They also fall for the old trap of assuming that everyone who hears their music is a moron. At least that's my explanation as to why they believed that being less spontaneous or imaginative than basic math and having no idea of what dynamics are beyond the word crescendo would ever cut it. But they don't just stick to level James LaBrie, they go the extra mile in this category. They seem to truly believe other humans' brains to be a cold, dead, empty place (if you found this line funny, they're right, by the way). Otherwise, why would they have ever felt the need to repeat every melody until you need to puke whilst being as derivative as needed to ensure that you do? It's like they're trying to force an idea into your head at all costs when no idea is present. I guess that if they hadn't done it, people could notice more easily just how much Explosions in the Sky fail in the songwriting department, so good thinking, guys.

Now, what do you say to me being more specific? No? Well, I don't care, I'm on a roll. I'll start from the beginning, the first song: We have one crescendo, which ends. Everything stops for a while, until we're introduced to a completely different theme, and the song just stays there. They possibly make half an acknowledgement of the existence of the first four minutes, but that's all. It makes this second crescendo until we eventually hear some random dissonant drone and the song ends without reaching a climax. “Okay, no biggie. This can be a set-up to have the next song blow everything away.”, one might think, but they'd be wrong. The next song is even mellower. But we don't discover that straight away, we have to listen to 40 whole seconds of possible potential to find that out. By the time this one truly marks its presence, it's too nothing, too late. And then it just goes its own way, making sure to end 7 minutes after the prompt. “Six Days At the Bottom of The Ocean” brings a slightly darker tone, encapsulated in the rich texture of two shit melodies repeated over and over, separated by a gigantic silence. “Memorial” nearly constructs itself into a decent track, but then the band doesn't resist the temptation of plopping another masturbatory crescendo half-way in. Also, this one pulls another “The Only Moment We Were Alone”: the previous song and the guitar feedback intro to this totally justifies and really begs the composition to piledrive the listener a few seconds in, “Hama”-style. What does it do? It becomes the mellowest track in the album instead, of course! Meanwhile, “Your Hand in Mine” is just an excerpt of what “The Only Moment We Were Alone” would become if it prolonged for another half-hour. And it ends, you guessed it, with another stupid crescendo, only more irritating because of how predictable such a move is by now. And throughout the whole thing, no parts that stick to you, no parts that stand out, no climactic sections timed in such a way as to actually have any perceivable impact.
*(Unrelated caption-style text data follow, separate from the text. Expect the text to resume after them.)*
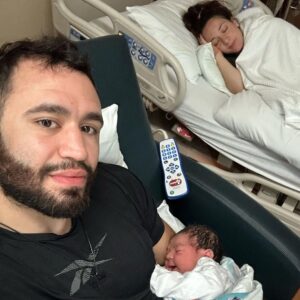 Shane Burgos Instagram - Girl Dad Level 3️⃣
.
God blessed us with another beautiful healthy baby girl! Welcome to the world Olivia Rae ❤️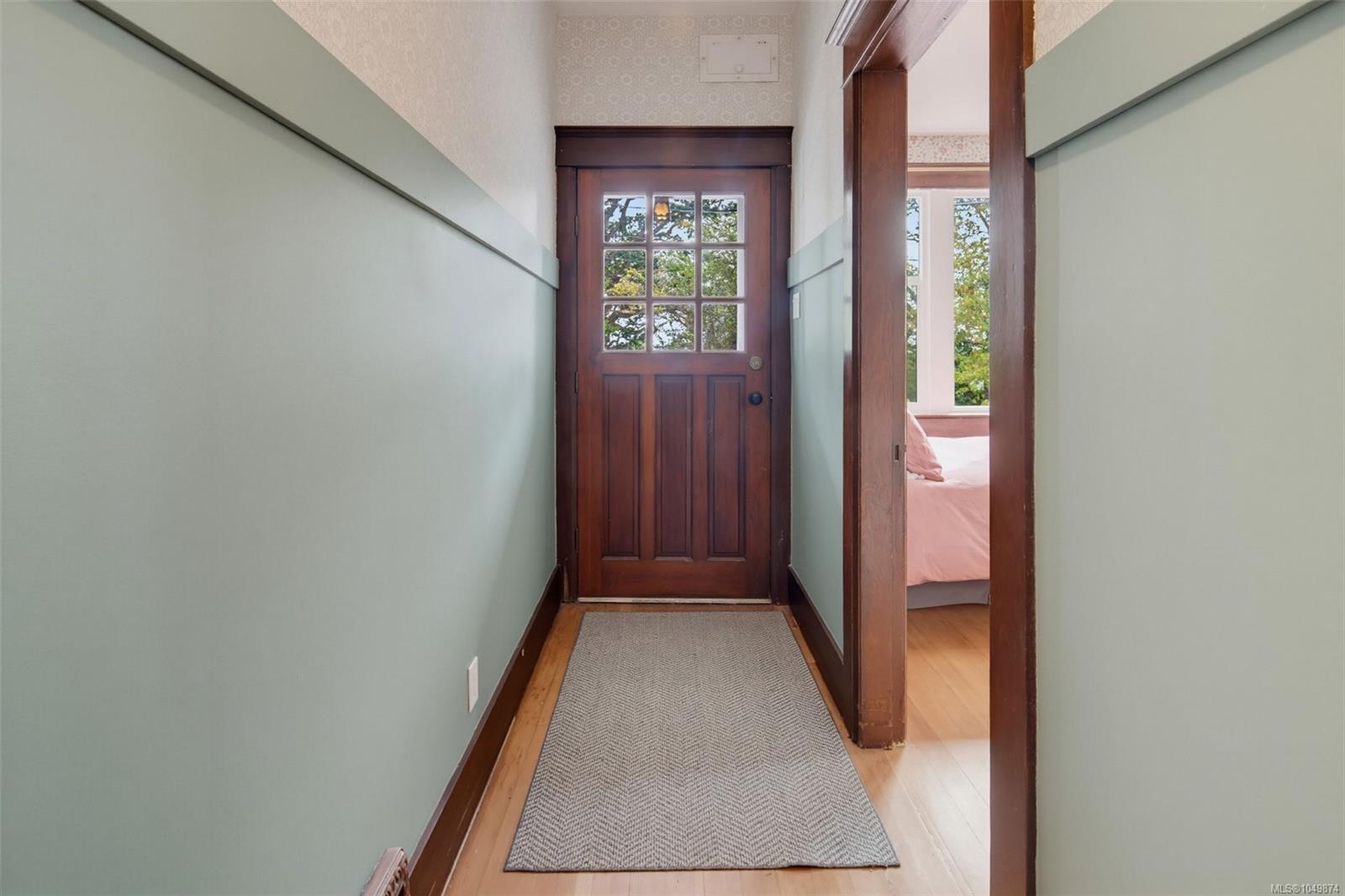 2734 Avebury Ave — listing photo 10 of 57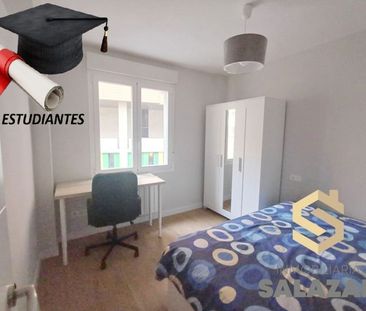 Alquiler de piso en Calle Prim Kalea - Photo 1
And these guys are Post-Rock, goddammit! They're supposed to know how to work all that context, structure and dynamics stuff like the palm of their hand! They should be giving this lecture to me, not the other way around! Take these traits away from a Post-Rock album and the result is a bunch of effects and basic melodies stuck together with no sense or reason to justify them. The result is this very album! This is really the farthest you can get from understanding an inkling of music. If I want to listen to some pleasant sounds, I'd rather go outside, thank you. In fact, I'd rather break both my legs than be exposed to this atrocity again. Have Explosions in the Sky no shame? There are people out there who work restlessly to create the most accomplished and rewarding pieces of music ever, and these guys opt to stick to mediocrity and feel entitled to a CD and Vinyl release. And even at mediocrity they fail! They miss it by miles! They don't offer anything that would make any piece of music worthwhile, whatever the genre.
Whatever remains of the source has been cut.